===== DATA TO EXAMINE =====
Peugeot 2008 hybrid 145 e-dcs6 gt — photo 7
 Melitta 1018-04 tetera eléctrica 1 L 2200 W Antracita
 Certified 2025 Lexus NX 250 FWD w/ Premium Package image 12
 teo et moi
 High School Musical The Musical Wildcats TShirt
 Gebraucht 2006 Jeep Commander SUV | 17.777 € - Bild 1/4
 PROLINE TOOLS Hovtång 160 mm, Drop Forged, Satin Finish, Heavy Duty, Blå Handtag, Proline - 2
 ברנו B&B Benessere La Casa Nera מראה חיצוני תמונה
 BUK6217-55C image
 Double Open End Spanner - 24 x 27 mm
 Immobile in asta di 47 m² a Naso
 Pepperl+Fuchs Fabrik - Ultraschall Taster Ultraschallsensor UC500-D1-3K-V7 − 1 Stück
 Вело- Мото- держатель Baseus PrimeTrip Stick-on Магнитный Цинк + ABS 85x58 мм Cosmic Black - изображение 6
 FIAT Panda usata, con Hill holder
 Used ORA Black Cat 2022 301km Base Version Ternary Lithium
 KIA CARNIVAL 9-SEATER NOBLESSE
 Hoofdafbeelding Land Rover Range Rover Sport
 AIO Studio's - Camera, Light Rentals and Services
=====
TASK INSTRUCTIONS → Only the lines from the one with "Pepperl+Fuchs Fabrik - Ultraschall" through the end of the material are wanted; copy them exactly, both ends included.

EXERCISE SOLUTION →
 Pepperl+Fuchs Fabrik - Ultraschall Taster Ultraschallsensor UC500-D1-3K-V7 − 1 Stück
 Вело- Мото- держатель Baseus PrimeTrip Stick-on Магнитный Цинк + ABS 85x58 мм Cosmic Black - изображение 6
 FIAT Panda usata, con Hill holder
 Used ORA Black Cat 2022 301km Base Version Ternary Lithium
 KIA CARNIVAL 9-SEATER NOBLESSE
 Hoofdafbeelding Land Rover Range Rover Sport
 AIO Studio's - Camera, Light Rentals and Services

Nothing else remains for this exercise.